## [YOUR GOAL]
Exact transcription with no images: write out all of the entries below.

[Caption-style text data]
★ ★ ★ ★ ★ ★ ★
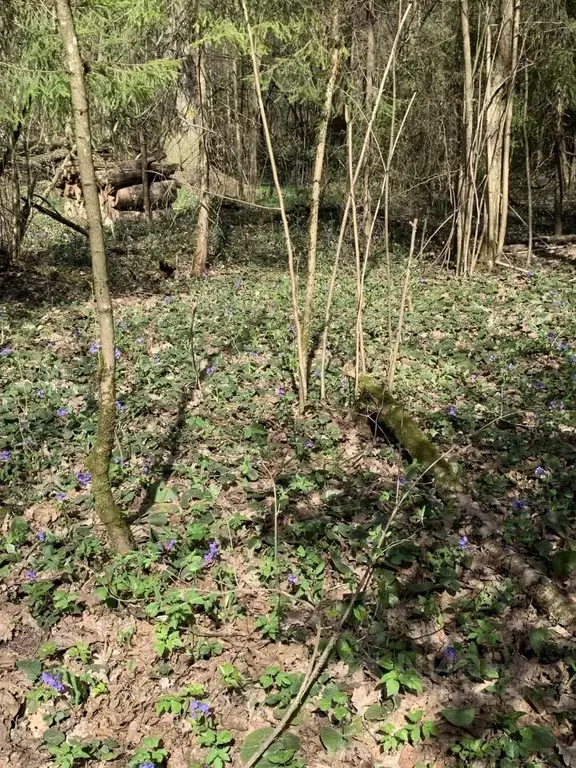 Студия Московская область, Химки городской округ, д. Подолино, Велтон ... - Фото 1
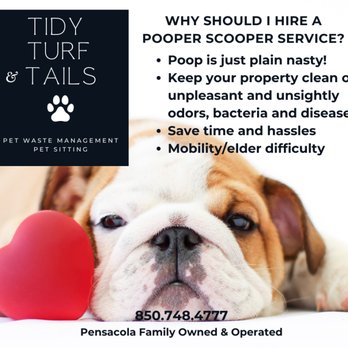 Tidy Turf & Tails - Tidy Turf & Tails
Pet Waste Management
Pet Sitting
Pensacola Family Owned & Operated
Pooper Scooper - Pet Sitting Near Me - Pensacola, Florida Tidy Turf & Tails - Tidy Turf & Tails
Pet Waste Management
Pet Sitting
Pensacola Family Owned & Operated
Pooper Scooper - Pet Sitting Near Me - Pensacola, Florida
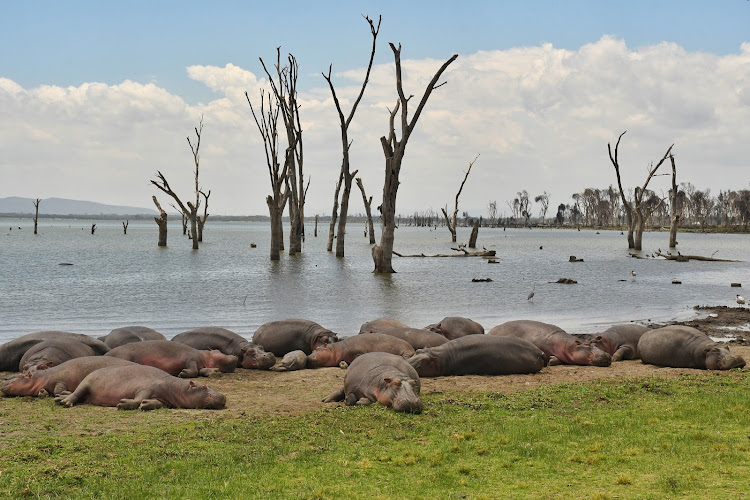 A bloat of hippos lie at the shores of Lake Naivasha where the number is on the rise.
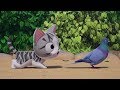 Sweet pet chi episode 2 chi meets a pigeon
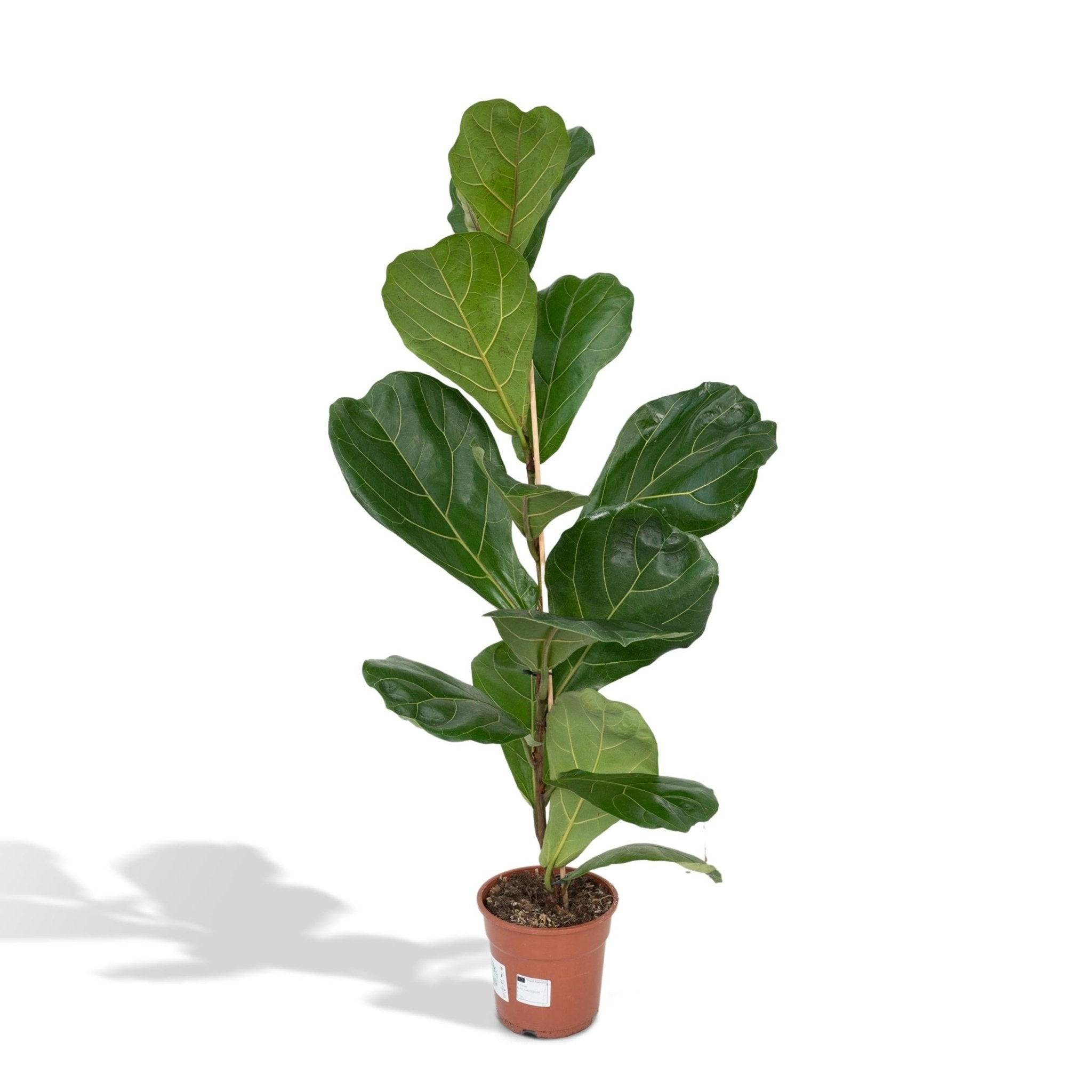 La Green Touch - Ficus Lyrata 75cm - Plante d'intérieur- La Green Touch - Image 4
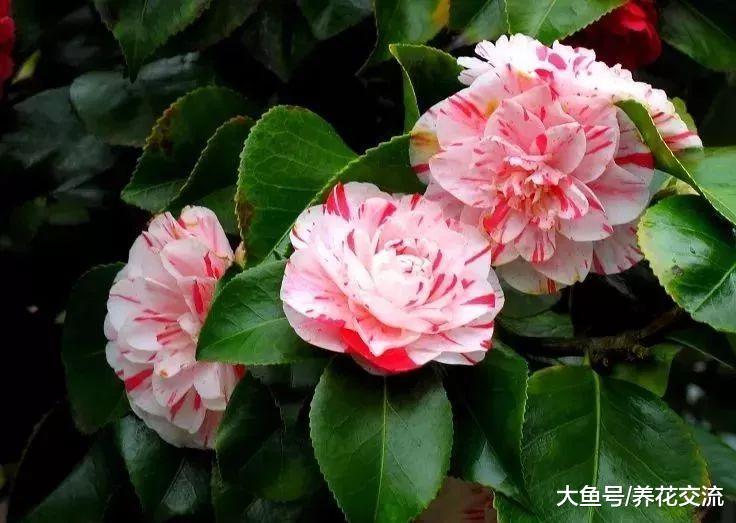 这些盆栽花卉养在阳台上能开成一片彩虹般的花园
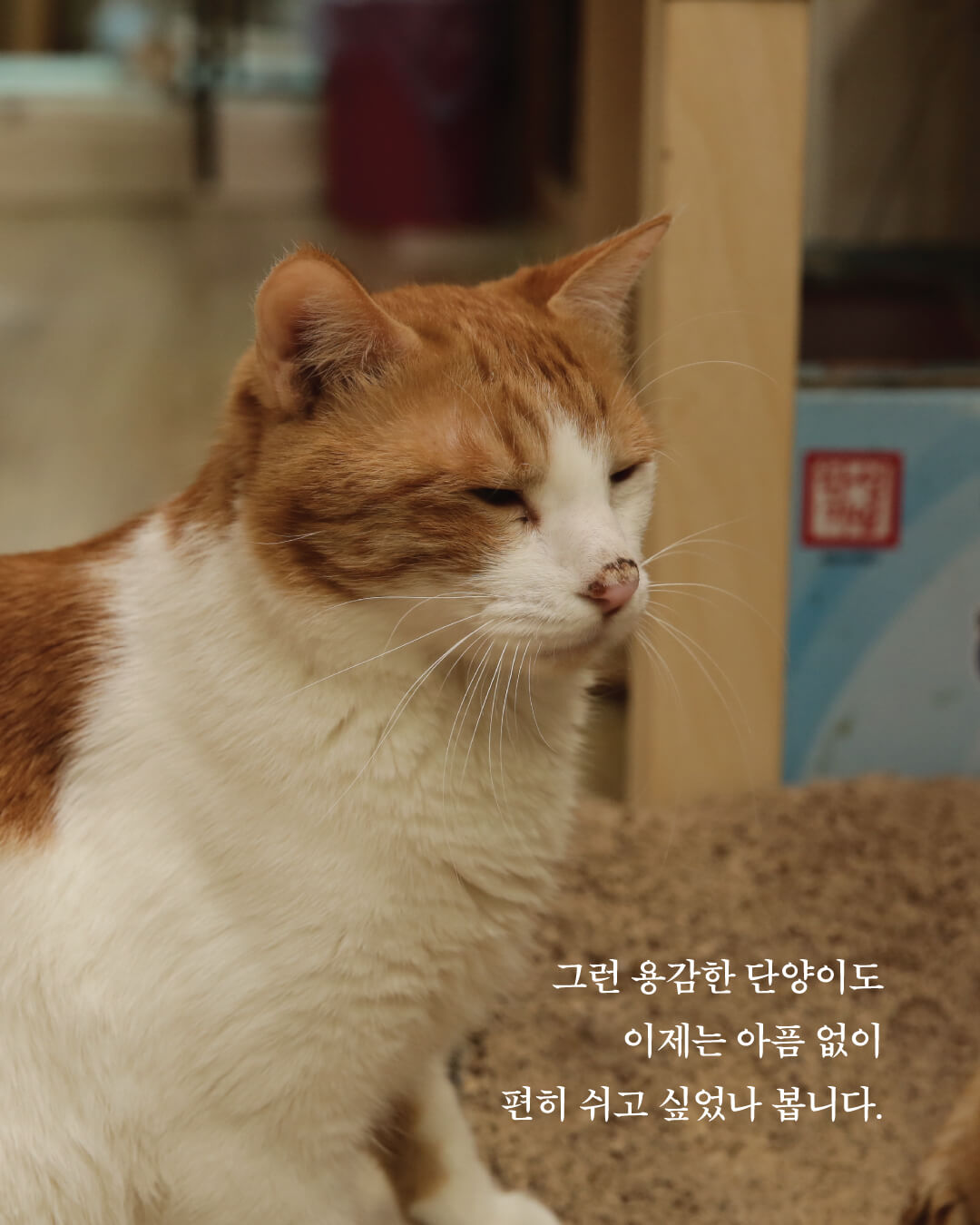 단양7.jpg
★ ★ ★ ★ ★ ★ ★
## [OUTPUT OF THE TASK]
 Студия Московская область, Химки городской округ, д. Подолино, Велтон ... - Фото 1
 Tidy Turf & Tails - Tidy Turf & Tails
Pet Waste Management
Pet Sitting
Pensacola Family Owned & Operated
Pooper Scooper - Pet Sitting Near Me - Pensacola, Florida Tidy Turf & Tails - Tidy Turf & Tails
Pet Waste Management
Pet Sitting
Pensacola Family Owned & Operated
Pooper Scooper - Pet Sitting Near Me - Pensacola, Florida
 A bloat of hippos lie at the shores of Lake Naivasha where the number is on the rise.
 Sweet pet chi episode 2 chi meets a pigeon
 La Green Touch - Ficus Lyrata 75cm - Plante d'intérieur- La Green Touch - Image 4
 这些盆栽花卉养在阳台上能开成一片彩虹般的花园
 단양7.jpg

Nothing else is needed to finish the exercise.